Exercise input: Begin

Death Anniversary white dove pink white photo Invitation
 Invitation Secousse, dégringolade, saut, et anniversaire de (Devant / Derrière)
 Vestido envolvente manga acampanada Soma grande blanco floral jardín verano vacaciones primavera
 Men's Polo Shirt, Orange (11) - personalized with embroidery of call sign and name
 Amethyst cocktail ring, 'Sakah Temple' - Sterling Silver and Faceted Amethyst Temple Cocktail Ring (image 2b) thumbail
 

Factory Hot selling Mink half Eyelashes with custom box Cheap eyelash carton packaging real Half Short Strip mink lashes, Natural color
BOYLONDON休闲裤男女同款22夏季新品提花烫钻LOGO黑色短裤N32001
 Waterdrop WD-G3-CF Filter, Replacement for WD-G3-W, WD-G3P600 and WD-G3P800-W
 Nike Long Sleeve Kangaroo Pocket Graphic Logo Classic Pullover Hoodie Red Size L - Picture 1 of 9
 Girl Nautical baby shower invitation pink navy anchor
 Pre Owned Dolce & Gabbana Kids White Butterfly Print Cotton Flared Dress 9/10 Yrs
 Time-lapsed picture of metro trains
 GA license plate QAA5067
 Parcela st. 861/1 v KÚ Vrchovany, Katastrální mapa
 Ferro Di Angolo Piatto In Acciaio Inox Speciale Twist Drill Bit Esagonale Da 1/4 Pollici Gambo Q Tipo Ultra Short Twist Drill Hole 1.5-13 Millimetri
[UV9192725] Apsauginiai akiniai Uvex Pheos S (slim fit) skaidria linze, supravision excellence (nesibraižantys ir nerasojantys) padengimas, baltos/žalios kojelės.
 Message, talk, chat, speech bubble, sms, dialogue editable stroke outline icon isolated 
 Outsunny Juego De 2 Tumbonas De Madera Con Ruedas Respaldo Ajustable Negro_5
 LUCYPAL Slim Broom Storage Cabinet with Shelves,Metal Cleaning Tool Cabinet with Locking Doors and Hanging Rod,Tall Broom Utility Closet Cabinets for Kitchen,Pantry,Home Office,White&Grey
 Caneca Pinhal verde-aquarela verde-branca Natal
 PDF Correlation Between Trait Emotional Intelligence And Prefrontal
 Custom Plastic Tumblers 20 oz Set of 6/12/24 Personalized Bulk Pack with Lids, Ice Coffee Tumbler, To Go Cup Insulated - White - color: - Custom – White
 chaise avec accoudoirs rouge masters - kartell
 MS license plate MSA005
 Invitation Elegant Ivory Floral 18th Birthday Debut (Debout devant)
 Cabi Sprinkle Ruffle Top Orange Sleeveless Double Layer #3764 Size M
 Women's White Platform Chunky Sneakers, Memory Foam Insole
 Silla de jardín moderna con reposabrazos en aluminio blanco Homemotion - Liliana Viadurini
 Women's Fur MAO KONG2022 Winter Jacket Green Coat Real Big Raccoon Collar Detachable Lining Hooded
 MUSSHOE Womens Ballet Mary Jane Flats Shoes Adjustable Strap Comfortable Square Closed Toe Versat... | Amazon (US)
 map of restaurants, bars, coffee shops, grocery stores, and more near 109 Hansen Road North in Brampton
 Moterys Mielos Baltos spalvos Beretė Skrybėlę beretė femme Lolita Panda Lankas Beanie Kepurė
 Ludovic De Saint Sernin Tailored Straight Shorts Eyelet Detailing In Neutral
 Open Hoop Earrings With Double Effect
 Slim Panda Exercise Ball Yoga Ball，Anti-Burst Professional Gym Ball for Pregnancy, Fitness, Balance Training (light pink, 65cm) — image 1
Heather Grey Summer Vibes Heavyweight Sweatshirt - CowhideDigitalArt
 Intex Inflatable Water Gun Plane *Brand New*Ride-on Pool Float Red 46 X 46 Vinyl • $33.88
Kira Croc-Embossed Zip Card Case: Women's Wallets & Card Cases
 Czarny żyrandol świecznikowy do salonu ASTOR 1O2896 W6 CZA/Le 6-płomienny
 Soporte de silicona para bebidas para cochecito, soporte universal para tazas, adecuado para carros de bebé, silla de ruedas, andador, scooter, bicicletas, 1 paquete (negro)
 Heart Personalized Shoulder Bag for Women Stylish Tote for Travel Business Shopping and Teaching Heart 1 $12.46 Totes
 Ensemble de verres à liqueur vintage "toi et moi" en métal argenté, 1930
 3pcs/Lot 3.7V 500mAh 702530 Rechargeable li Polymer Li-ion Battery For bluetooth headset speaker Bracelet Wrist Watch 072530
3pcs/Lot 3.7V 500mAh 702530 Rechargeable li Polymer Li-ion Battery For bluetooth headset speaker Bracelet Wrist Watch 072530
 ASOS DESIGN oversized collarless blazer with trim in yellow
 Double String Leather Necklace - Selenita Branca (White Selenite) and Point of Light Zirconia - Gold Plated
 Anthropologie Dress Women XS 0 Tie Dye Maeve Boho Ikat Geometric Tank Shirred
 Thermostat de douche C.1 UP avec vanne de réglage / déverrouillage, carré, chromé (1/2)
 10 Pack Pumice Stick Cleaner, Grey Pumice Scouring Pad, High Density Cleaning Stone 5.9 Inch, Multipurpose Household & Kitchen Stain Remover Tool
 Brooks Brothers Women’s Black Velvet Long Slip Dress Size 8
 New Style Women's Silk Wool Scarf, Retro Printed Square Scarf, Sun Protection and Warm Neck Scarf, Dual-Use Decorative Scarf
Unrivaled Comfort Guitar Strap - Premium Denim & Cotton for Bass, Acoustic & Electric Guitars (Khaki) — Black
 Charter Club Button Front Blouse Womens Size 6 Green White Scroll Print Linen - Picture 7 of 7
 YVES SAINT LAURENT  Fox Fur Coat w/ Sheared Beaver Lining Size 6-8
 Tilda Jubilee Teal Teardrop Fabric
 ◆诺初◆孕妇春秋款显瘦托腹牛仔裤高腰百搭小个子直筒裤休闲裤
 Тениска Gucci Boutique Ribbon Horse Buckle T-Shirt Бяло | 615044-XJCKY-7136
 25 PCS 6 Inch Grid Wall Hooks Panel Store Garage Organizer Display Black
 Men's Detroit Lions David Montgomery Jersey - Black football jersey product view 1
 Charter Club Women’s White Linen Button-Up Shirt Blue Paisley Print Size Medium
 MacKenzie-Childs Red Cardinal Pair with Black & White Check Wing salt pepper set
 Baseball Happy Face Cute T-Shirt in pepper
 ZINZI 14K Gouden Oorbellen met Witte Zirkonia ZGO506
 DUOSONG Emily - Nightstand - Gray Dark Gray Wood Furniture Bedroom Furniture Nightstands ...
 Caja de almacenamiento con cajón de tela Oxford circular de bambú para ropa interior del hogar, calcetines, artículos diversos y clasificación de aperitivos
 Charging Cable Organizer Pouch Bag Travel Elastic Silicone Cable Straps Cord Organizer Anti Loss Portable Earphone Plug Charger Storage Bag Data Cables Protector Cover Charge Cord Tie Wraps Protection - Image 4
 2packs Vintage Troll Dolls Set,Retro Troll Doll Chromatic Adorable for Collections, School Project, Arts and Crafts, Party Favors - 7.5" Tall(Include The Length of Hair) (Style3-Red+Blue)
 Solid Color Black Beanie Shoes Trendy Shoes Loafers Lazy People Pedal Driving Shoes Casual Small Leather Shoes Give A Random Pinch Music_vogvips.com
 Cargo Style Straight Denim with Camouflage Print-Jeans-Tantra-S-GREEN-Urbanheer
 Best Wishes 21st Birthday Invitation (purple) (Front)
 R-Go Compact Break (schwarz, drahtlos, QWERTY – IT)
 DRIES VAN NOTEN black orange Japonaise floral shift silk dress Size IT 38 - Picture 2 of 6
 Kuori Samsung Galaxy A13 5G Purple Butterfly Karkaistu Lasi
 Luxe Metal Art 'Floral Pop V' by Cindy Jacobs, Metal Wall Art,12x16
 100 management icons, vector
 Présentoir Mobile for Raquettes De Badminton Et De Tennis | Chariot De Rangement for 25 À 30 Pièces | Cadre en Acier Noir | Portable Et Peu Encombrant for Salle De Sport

Exercise input: End

> [Problem details]: Above are the entries. Quote exactly the lines from the one bearing "PDF Correlation Between" through the one bearing "Invitation Elegant Ivory".

> [Result of this task]:
 PDF Correlation Between Trait Emotional Intelligence And Prefrontal
 Custom Plastic Tumblers 20 oz Set of 6/12/24 Personalized Bulk Pack with Lids, Ice Coffee Tumbler, To Go Cup Insulated - White - color: - Custom – White
 chaise avec accoudoirs rouge masters - kartell
 MS license plate MSA005
 Invitation Elegant Ivory Floral 18th Birthday Debut (Debout devant)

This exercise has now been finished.